# To do
Check each line of the records for "Blue"; collect those that have it.

***

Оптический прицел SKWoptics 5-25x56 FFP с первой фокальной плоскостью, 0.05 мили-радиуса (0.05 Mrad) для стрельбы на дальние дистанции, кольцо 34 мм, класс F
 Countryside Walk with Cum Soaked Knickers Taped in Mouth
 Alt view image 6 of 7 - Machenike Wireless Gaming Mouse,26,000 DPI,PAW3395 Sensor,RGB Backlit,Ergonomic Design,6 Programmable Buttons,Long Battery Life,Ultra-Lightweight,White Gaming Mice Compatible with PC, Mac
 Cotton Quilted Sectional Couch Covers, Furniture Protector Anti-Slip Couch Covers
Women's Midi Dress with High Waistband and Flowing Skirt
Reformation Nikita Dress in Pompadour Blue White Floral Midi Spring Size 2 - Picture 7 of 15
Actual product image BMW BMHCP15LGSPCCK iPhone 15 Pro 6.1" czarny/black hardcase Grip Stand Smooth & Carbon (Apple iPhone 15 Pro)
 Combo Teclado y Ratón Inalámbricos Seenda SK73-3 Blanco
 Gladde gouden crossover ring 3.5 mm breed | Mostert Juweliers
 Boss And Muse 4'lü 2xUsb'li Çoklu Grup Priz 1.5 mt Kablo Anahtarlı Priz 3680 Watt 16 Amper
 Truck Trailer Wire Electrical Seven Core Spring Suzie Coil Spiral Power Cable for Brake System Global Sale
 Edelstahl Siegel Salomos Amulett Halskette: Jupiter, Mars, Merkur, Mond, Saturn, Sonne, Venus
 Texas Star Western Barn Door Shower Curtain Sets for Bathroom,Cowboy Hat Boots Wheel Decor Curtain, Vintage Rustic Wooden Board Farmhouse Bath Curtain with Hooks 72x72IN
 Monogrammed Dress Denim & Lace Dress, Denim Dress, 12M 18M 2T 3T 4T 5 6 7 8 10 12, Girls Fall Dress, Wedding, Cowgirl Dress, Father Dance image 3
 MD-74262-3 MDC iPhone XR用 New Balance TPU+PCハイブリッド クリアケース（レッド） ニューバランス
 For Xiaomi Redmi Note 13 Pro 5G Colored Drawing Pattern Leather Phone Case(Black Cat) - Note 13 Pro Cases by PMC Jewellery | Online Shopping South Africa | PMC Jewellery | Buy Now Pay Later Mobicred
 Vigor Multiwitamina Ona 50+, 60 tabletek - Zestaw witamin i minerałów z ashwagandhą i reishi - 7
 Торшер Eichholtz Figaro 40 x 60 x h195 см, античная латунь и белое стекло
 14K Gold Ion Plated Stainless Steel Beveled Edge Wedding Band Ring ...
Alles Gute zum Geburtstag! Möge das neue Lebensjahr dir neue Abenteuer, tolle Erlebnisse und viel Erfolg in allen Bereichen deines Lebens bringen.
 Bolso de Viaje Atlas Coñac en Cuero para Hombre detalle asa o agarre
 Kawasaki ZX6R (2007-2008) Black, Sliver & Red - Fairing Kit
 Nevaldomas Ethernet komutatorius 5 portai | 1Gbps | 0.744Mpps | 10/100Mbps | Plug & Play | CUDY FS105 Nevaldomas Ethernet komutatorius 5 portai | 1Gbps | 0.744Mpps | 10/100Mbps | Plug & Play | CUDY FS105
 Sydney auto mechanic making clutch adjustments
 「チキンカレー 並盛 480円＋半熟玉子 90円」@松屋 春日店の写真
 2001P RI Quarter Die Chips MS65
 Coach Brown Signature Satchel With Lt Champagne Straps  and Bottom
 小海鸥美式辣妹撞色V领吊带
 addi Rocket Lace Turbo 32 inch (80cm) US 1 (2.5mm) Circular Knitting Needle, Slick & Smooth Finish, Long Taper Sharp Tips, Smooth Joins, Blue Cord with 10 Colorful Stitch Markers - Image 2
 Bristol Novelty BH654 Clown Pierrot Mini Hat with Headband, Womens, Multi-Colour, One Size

***

# Response area
Reformation Nikita Dress in Pompadour Blue White Floral Midi Spring Size 2 - Picture 7 of 15
 addi Rocket Lace Turbo 32 inch (80cm) US 1 (2.5mm) Circular Knitting Needle, Slick & Smooth Finish, Long Taper Sharp Tips, Smooth Joins, Blue Cord with 10 Colorful Stitch Markers - Image 2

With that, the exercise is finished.